Due to the rapid acceleration in new coronavirus literature, it becomes difficult for the medical research community to keep up. There is a growing urgency for innovative approaches, like recent advances in Natural Language Processing, to understand and analyze the abundance of medical/scientific articles.
At AE, we created a powerful Natural Language Processing engine that allows us to perform recent text and data mining techniques (which, by the way, also forms the foundation of our AI Powered Customer Care Agent, ADORE). With both the expertise and motivation in place to help researchers find answers that will ultimately help them stop the virus, we composed a team of data scientists to start working on the Kaggle COVID-19 Open Research Dataset Challenge.
Kaggle COVID-19 Open Research Data Challenge
The COVID-19 Open Research Dataset (CORD-19) is a resource of over 51.000 articles, including over 40.000 with full text, about COVID-19, SARS-CoV-2, and related coronaviruses. It's a goldmine of new insights to support the ongoing fight against the virus, at least if you have the expertise to search well and fast.

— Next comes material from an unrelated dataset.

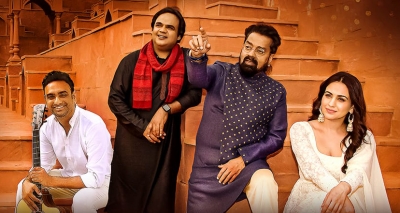 Hariharan teams up with lyricist Aalok Shrivastav for ‘Samjha To Kar’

In a first iteration, we explored the medical/scientific articles by applying Topic Modelling, a Natural Language Processing technique that uncovers the hidden topics in a collection of documents. Which topics are covered within the literature? But also, what is the meaning of each topic, how prevalent is it and how do topics relate to each other?

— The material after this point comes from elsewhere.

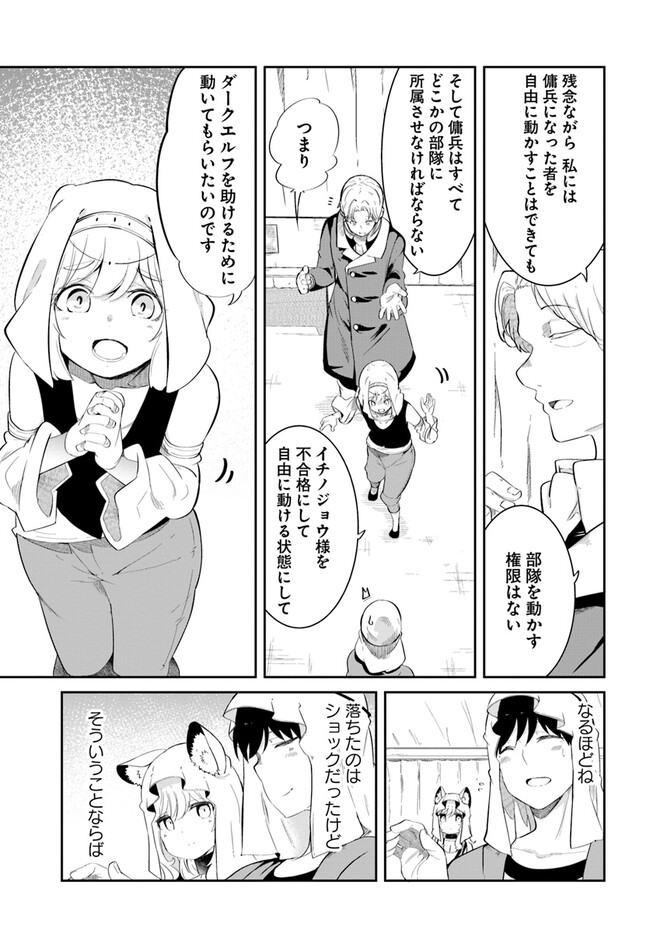 成長チートでなんでもできるようになったが、無職だけは辞められないようです Chap 68 - Next Chap 69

In order to tackle these questions we created an interactive visualization which allow researchers to flexibly explore the topics within the COVID-19 literature. We used LDAvis, an interactive visualization system, that enables deep inspection of topics and keywords relationships in a LDA analytical model.
Basically, the visualization has two main pieces:
On the left panel, a global view of the discovered topics are displayed. Each circle represents a topic and the area of the circles indicate the overall prevalence of the topics among the research papers. The closer the topics are located to each other, the more they are related to each other.
On the right panel on the other hand, the individual keywords are listed which are most useful for interpreting the currently selected topic. So selecting a topic in the left panel reveals the most useful keywords in the right panel for interpreting that selected topic. Note that it is also possible to click on individual keywords to get more insights in which topics they occur.
Click on the figure below to open a new browser tab and see for yourself how it works!
LDAvis - Interactive Topic visualisation for COVID-19 literature
We used pyLDAvis that has been designed to help users interpret the topics in a topic model that has been fit to a corpus of text data, in our case cientific COVID-19 literature (over 51K papers). The package extracts information from a fitted LDA topic model to inform an interactive web-based visualization. The visualization can be saved to a stand-alone HTML file for easy sharing as illustrated above.